A better way to do that would be for the package to return some sort
of error indication to the caller. (I haven't looked at your package
in enough detail to know how it should do that.)

Actually, the error indication is already there - after resizing check
the base pointer for being null. The documentation should say that.

Thanks for the comments.
 
R

Richard Harter

Richard Harter said:


Um, close, but no banana. I'm in the right and Eric is in the right.

I'll give you you, but not Eric. Eric implied that the error checking
should be in the macros. In this case, no.
To be more specific; in the following macro:

#define STG_ADD_SEGSPACE(name,offset,length) \
do { \
offset = name##_used; \
name##_used += length; \
if (name##_used > name##_alloc) { \
name##_alloc = 2*name##_alloc + length; \
name = realloc(name, name##_alloc*name##_size); \
} \
} while (0)

...you make it more awkward than necessary to recover from a realloc
failure, because you overwrite the original pointer, rather than use a temp
in case of failure. That's a rookie mistake, and it doesn't give me
confidence in the code.

OTOH, this is well taken. The previous value should be saved and there
should be a recovery macro to restore the previous value. My bad here.

Thank you for the comments.
 
E

Eric Sosman

Richard Harter wrote On 11/08/06 16:04,:
As a practical matter if realloc fails the using program will crash
almost immediately afterwards on dereferencing a null pointer.
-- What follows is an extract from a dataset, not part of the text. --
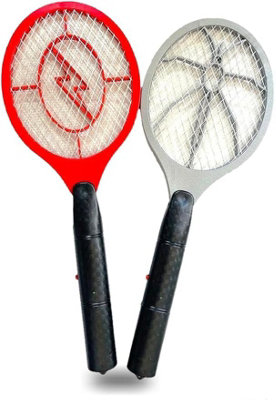 2 x Electronic Bug Swatter Red and Grey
As a practical matter, many programs will be unable to
do much more work after failing to obtain memory. But that
doesn't suggest they should crash! If you are in an airplane
and bad weather closes the closes the airport it's heading for,
the pilot might announce "Ladies and gentlemen, we're going
to land in Schenectady and wait out the storm" or he might
simply nosedive into a convenient feature of the landscape.
Which would you prefer: the landing or the crash?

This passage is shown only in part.